WLJE
- Valparaiso, Indiana; United States;
- Broadcast area: Northwest Indiana
- Frequency: 105.5 MHz
- Branding: Indiana 105

Programming
- Format: Country
- Affiliations: Westwood One

Ownership
- Owner: Adams Radio Group; (ARG of Northern Indiana LLC);
- Sister stations: WXRD, WZVN

History
- First air date: October 6, 1967 (as WAKE-FM)
- Former call signs: WAKE-FM (1967–1971)
- Call sign meaning: Len J. Ellis (original owner)

Technical information
- Licensing authority: FCC
- Facility ID: 53056
- Class: A
- ERP: 1,250 watts
- HAAT: 156 meters (512 ft)
- Transmitter coordinates: 41°31′28.1″N 87°1′8.1″W﻿ / ﻿41.524472°N 87.018917°W

Links
- Public license information: Public file; LMS;
- Webcast: Listen live
- Website: indiana105.com

= WLJE =

Country music radio station in Valparaiso, Indiana

WLJE (105.5 FM) is a radio station that has been broadcasting a country music format for over 35 years. Licensed to Valparaiso, Indiana, United States, it serves Northwest Indiana. The station is owned by Adams Radio Group, through licensee ARG of Northern Indiana LLC, and features local programming along with the syndicated Nights with Elaina country music program via Westwood One.

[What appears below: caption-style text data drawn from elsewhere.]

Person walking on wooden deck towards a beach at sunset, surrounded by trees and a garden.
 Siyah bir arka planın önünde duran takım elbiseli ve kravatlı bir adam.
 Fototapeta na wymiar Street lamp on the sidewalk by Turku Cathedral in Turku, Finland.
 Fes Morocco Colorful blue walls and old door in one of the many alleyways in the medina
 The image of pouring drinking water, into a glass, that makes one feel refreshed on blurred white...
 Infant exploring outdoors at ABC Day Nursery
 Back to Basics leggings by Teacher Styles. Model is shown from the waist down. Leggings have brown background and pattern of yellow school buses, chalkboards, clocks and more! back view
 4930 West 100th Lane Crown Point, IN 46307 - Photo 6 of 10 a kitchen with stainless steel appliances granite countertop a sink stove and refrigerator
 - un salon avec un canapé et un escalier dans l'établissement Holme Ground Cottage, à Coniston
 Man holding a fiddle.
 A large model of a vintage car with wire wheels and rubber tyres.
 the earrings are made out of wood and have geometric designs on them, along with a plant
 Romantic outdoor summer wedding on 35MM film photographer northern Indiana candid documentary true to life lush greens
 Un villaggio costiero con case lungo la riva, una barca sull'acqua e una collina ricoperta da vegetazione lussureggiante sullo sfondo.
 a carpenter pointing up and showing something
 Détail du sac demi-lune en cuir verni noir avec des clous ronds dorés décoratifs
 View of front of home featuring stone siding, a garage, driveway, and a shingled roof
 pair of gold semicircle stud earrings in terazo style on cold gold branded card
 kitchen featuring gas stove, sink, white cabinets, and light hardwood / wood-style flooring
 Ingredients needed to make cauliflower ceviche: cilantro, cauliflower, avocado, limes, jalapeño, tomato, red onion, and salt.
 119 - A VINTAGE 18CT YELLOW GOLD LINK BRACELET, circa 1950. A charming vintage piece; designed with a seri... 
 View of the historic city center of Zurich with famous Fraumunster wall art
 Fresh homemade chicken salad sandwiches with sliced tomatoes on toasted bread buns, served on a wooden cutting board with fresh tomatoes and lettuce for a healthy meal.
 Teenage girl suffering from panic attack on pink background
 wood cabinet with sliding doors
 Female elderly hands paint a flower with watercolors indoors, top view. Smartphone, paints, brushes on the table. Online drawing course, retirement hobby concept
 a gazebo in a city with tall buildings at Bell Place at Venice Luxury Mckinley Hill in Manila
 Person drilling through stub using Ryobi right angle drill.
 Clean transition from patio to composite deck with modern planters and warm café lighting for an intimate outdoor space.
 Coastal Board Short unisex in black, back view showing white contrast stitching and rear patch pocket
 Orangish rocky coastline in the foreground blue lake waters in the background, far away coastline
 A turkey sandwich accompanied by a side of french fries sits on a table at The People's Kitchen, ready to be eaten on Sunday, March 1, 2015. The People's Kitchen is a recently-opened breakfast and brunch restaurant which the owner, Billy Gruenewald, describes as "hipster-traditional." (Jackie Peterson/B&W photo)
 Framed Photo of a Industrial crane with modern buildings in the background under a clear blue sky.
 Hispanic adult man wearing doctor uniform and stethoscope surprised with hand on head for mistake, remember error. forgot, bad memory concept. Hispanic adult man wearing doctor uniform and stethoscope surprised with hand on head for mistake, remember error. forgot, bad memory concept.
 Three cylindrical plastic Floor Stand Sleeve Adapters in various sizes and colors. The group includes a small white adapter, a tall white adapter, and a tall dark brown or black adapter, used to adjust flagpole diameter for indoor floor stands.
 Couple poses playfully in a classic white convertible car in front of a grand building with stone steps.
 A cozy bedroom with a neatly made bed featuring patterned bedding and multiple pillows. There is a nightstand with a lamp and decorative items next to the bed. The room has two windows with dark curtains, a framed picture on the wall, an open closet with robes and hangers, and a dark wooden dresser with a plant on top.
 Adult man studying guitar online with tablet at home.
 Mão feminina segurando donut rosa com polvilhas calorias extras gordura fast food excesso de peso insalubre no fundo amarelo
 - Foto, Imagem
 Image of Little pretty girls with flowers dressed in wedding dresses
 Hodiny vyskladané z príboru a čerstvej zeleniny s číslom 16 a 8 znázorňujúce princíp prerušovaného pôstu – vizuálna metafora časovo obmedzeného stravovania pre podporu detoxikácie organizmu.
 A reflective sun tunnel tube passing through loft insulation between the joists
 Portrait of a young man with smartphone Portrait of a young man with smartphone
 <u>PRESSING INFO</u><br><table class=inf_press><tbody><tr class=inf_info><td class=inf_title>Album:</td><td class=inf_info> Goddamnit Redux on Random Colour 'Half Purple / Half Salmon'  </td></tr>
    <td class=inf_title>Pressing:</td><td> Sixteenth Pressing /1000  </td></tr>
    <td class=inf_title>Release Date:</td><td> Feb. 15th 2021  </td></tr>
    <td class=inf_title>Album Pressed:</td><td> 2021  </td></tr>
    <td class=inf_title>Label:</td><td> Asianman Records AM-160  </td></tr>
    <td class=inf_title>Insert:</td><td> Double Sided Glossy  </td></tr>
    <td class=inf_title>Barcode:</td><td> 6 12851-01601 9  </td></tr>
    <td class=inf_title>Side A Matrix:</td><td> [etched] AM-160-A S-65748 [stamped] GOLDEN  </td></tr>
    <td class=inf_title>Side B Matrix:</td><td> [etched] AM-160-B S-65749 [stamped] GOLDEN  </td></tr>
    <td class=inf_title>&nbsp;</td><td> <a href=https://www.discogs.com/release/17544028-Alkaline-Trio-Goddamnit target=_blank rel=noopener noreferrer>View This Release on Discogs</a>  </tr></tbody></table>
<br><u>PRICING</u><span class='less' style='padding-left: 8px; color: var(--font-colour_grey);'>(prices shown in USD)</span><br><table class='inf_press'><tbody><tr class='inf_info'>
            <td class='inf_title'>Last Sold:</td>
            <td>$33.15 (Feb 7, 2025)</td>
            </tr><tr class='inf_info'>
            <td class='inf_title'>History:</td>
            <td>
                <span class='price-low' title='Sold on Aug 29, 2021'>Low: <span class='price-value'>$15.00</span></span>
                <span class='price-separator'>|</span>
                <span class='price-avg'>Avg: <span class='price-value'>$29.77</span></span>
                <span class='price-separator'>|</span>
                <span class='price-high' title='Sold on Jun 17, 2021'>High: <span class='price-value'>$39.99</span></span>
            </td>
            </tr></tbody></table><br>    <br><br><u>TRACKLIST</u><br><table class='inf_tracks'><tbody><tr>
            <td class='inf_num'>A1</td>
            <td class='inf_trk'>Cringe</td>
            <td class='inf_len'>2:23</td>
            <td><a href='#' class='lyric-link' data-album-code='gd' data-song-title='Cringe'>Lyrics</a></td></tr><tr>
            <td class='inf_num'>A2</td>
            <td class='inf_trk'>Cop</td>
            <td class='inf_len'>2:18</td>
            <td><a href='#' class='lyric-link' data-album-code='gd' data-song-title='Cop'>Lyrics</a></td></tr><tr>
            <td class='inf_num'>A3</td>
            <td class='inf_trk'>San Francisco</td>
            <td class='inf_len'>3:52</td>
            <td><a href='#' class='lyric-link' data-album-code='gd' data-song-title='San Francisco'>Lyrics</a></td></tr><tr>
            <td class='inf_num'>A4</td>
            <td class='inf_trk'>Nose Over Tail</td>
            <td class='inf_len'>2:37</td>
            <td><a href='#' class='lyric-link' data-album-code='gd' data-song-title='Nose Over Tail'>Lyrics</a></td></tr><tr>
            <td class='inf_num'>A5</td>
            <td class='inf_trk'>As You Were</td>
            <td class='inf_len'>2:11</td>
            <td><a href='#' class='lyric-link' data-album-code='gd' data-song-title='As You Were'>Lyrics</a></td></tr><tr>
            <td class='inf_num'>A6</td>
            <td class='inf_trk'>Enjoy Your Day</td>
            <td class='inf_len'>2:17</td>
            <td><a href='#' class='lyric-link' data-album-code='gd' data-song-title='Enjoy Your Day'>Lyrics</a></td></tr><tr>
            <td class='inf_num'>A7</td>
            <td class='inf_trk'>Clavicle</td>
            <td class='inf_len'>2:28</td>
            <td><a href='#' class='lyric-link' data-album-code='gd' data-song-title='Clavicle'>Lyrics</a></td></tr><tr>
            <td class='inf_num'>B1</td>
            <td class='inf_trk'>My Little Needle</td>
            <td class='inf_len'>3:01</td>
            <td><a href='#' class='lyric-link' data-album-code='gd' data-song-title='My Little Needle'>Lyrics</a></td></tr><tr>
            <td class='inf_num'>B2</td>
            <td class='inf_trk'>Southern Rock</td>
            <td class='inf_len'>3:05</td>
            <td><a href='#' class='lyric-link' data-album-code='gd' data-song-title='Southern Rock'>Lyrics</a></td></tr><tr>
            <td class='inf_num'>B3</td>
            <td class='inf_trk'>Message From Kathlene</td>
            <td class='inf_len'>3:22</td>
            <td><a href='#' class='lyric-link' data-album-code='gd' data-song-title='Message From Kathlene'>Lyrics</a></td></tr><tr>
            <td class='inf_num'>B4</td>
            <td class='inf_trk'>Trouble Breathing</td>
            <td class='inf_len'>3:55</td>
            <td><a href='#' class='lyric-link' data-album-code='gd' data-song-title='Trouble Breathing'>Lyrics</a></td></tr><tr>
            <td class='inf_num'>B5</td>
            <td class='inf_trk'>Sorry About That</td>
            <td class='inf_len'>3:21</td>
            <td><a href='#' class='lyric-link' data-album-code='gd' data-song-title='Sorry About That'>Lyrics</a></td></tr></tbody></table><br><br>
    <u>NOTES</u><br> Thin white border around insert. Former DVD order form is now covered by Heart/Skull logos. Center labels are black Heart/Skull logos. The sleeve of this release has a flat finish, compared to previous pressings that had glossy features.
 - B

The station also features national and local newscasts.

==History==
The station began broadcasting on October 6, 1967, and originally held the call sign WAKE-FM, sister station to AM 1500 WAKE. Its call sign was changed to WLJE on May 1, 1971. The station was originally owned by Porter County Broadcasting Corporation. For most of the station's history, it has aired a country music format. However, in the early 1970s, the station aired an easy listening format. Porter County Broadcasting Corporation's name was changed to Radio One Communications in 1993. In 2014, the station was sold to Adams Radio Group.

Effective June 9, 2023, Adams Radio Group's portfolio of 18 stations and translators, including WLJE, was sold for $12.6 million.